# WHAT YOU SHOULD DO:
Without the pictures, copy all the entries below exactly.

# Image-text web data:
**********
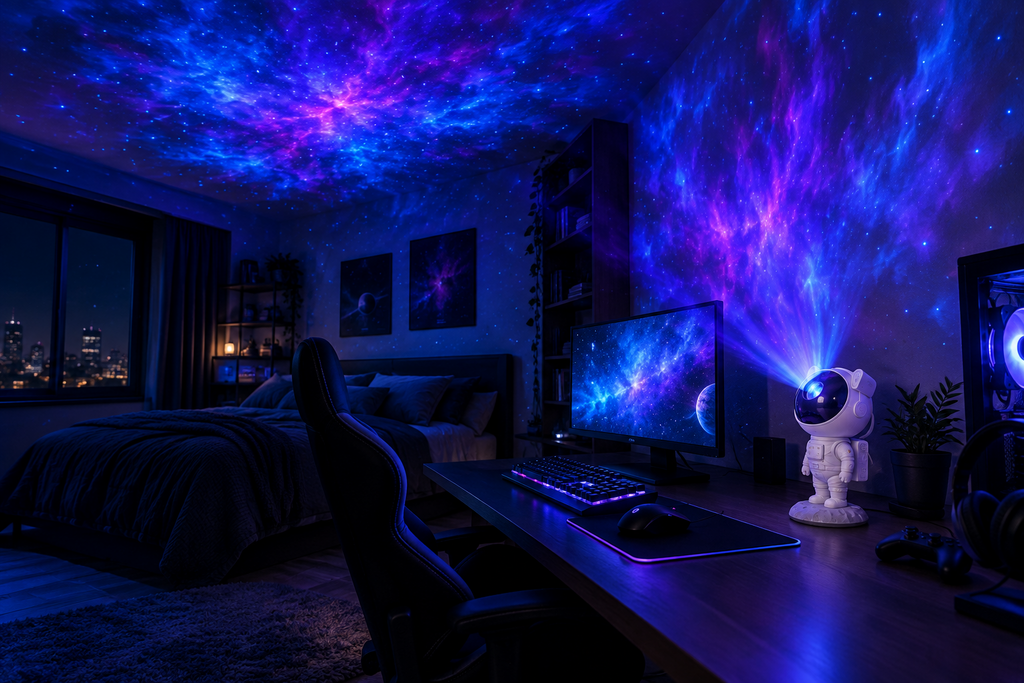 Nexora Glow Astronaut Galaxy Projector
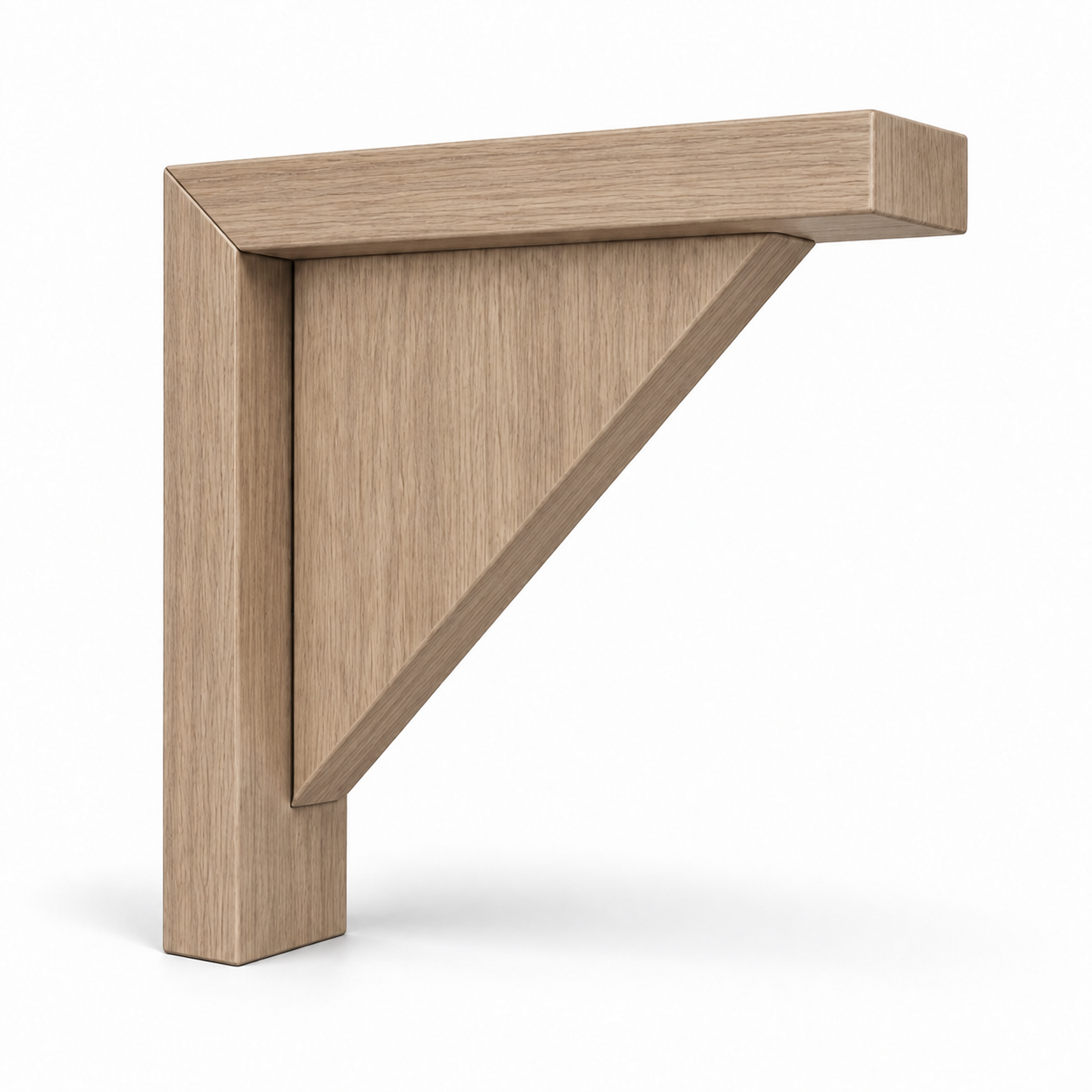 Signature Shaker Small Decorative Corbel in Cotton Oak — representative configuration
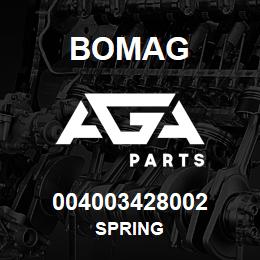 004003428002 Bomag SPRING | AGA Parts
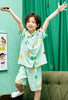 (蠟筆小新) Kids Short Sleeve pyjamas - Mint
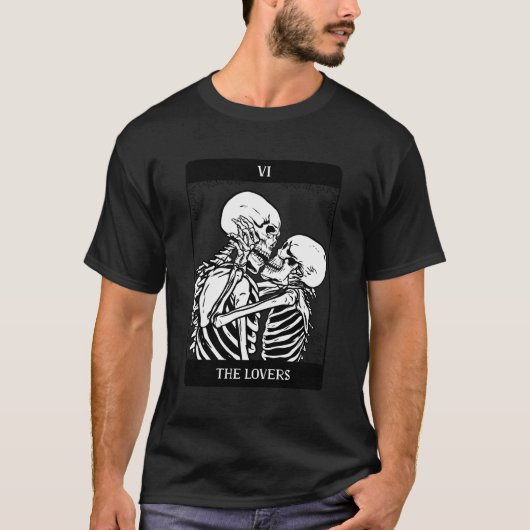 De Lovers Tarot-kaart T-shirt (Voorkant)
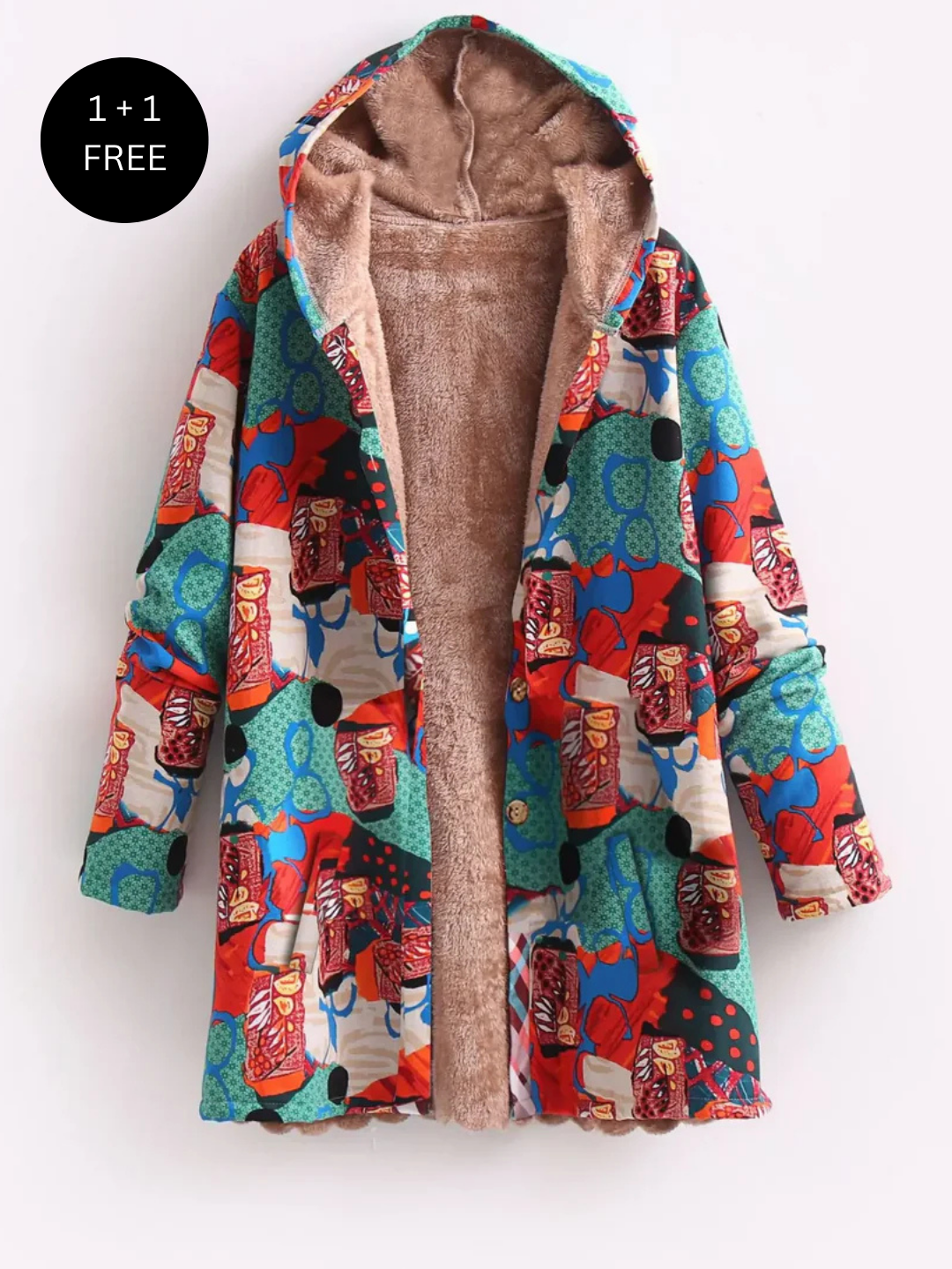 Lara™ | Printed Hooded Coat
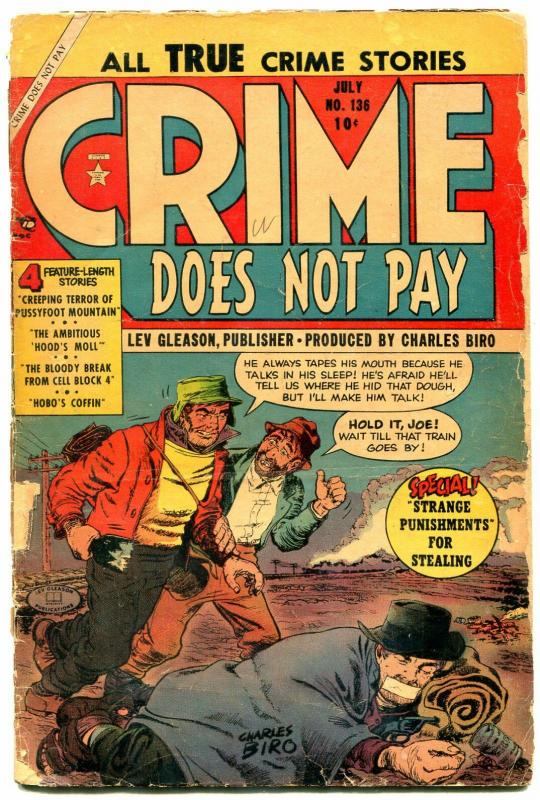 Crime Does Not Pay #136 1954- Golden Age  FR/G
**********
# OUTPUT FOR THIS TASK:
 Nexora Glow Astronaut Galaxy Projector
 Signature Shaker Small Decorative Corbel in Cotton Oak — representative configuration
 004003428002 Bomag SPRING | AGA Parts
 (蠟筆小新) Kids Short Sleeve pyjamas - Mint
 De Lovers Tarot-kaart T-shirt (Voorkant)
 Lara™ | Printed Hooded Coat
 Crime Does Not Pay #136 1954- Golden Age  FR/G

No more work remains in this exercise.